On March 10, 2026, the Eleventh Circuit Court of Appeals vacated the dismissal of Phillip Beazer's Title VII complaint against his former employer, Richmond County Constructors, a Georgia-based construction company. The court found that Beazer was entitled to equitable tolling, a doctrine that can extend filing deadlines when a person has pursued their rights diligently and extraordinary circumstances beyond their control prevented timely filing. The court ordered the case remanded for further proceedings. 

Beazer alleged that starting in February 2022, he experienced a pattern of race-motivated harassment and discrimination at work. After he reported the alleged conduct, he claimed the company retaliated, giving him impossible and sometimes demeaning work assignments, engaging in other harassment, and ultimately terminating him in May 2022. 

He filed a charge of racial discrimination with the Equal Employment Opportunity Commission. The EEOC notified the employer, which responded to the substance of the allegations. On June 2, 2023, Beazer received a right-to-sue notice giving him 90 days to file a federal lawsuit. That put his deadline at August 31, 2023. 

Beazer moved quickly. Within a week, he paid a $200 consultation fee to a law firm that had advised him during the EEOC process. The same firm had previously told him to come back once he had the right-to-sue letter. He returned, paid a second $200 fee, and sent over his files. 
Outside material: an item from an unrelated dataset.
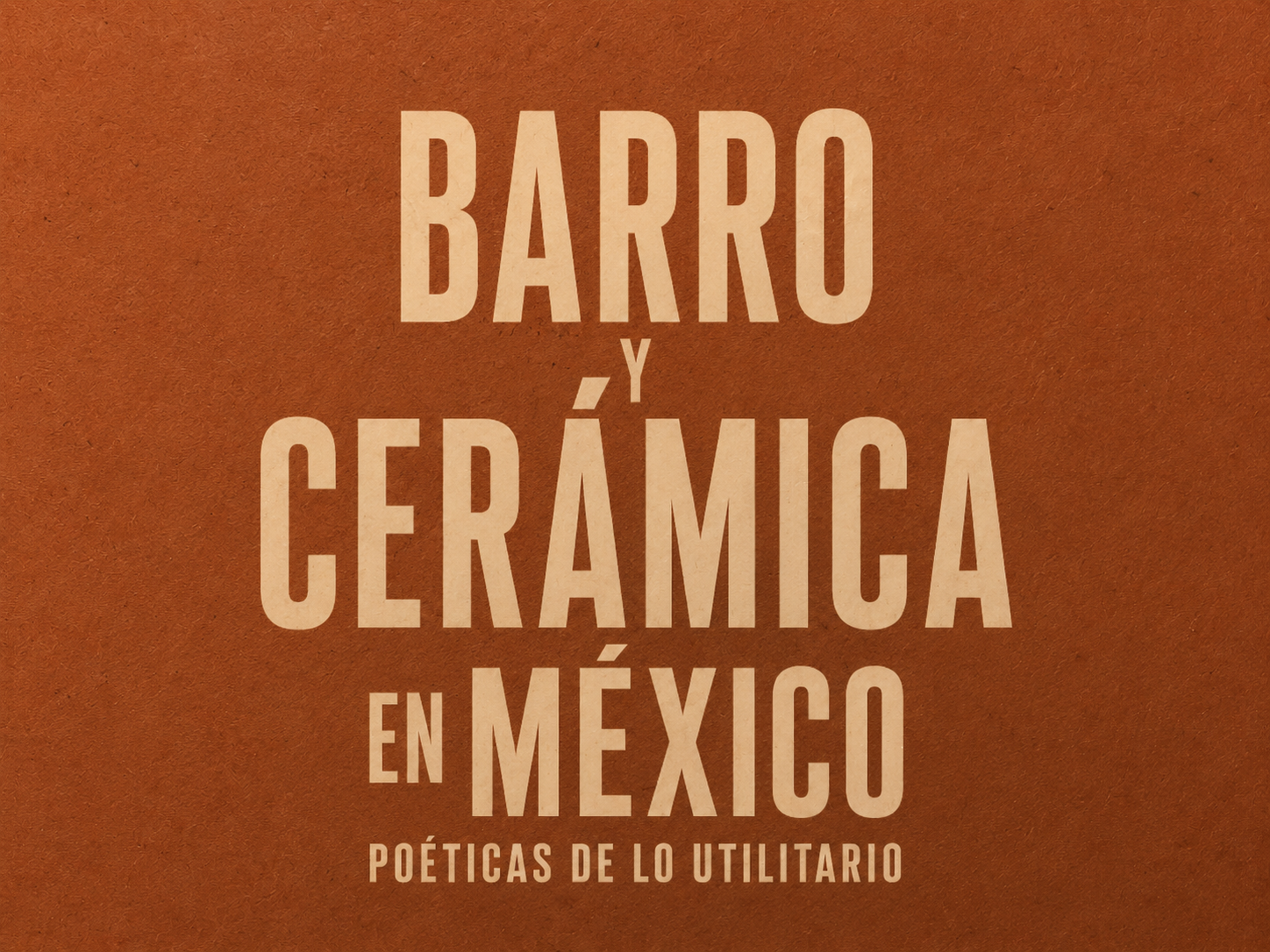 Barro y cerámica en México. Poéticas de lo utilitario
Then the firm stopped responding. Beazer called repeatedly. No answer. With just days left before the deadline, the attorney finally got back to him and said he was too busy. He told Beazer to file on his own. 

Beazer put together a complaint and, on August 29, 2023, with two days remaining before the deadline, paid $28.75 for Priority Mail Express, the Postal Service's fastest option. The service came with a money-back guarantee of next-day delivery. If it arrived as promised, his complaint would reach the courthouse with one day to spare. 

It never made it on time. Hurricane Idalia was moving through the southeastern United States. The storm reached Category 4 strength on August 30, made landfall near Keaton Beach, Florida, and moved inland over southern Georgia, the very region where the court sat. Heavy rains flooded roads across the area. Strong winds downed power lines, uprooted trees, and knocked down traffic lights across the southern portions of the state. The complaint did not arrive until September 2, two days past the deadline. The clerk docketed it on September 5. 

The district court considered Beazer's explanation but dismissed the case as untimely. Beazer appealed. He initially represented himself before the Eleventh Circuit appointed Bryan M. Reines of Zuckerman Spaeder LLP to represent him. 

The appeals court saw it differently. Circuit Judge Rosenbaum, writing for the panel, held that Beazer met both conditions for equitable tolling. He acted with reasonable diligence, and extraordinary circumstances prevented him from filing on time. 

The court looked at the full picture. An attorney accepted two consultation fees and held a client's files for weeks, only to decline the case at the last minute. Then a major hurricane disrupted mail delivery across the region the complaint had to travel. Taken together, those events amounted to an extraordinary circumstance beyond Beazer's control that caused the late filing. 

The court also rejected the employer's argument that Beazer should have used a private courier instead of the Postal Service. The standard, the court noted, is reasonable diligence, not maximum feasible diligence. Paying for guaranteed overnight delivery cleared that bar. 

Richmond County Constructors, the court noted, suffered no prejudice from the five-day delayed filing. It had known about Beazer's claims since the EEOC process, and it identified no basis for finding that the late filing caused it harm. 

The takeaway for HR professionals is worth noting. A missed filing deadline does not always end a discrimination claim. Courts will look at the totality of the circumstances, and when an employee has done what a reasonable person would do to meet a deadline, a short delay caused by forces outside their control may not close the door. 

The case now returns to the district court for further proceedings on Beazer's allegations of race discrimination and retaliation.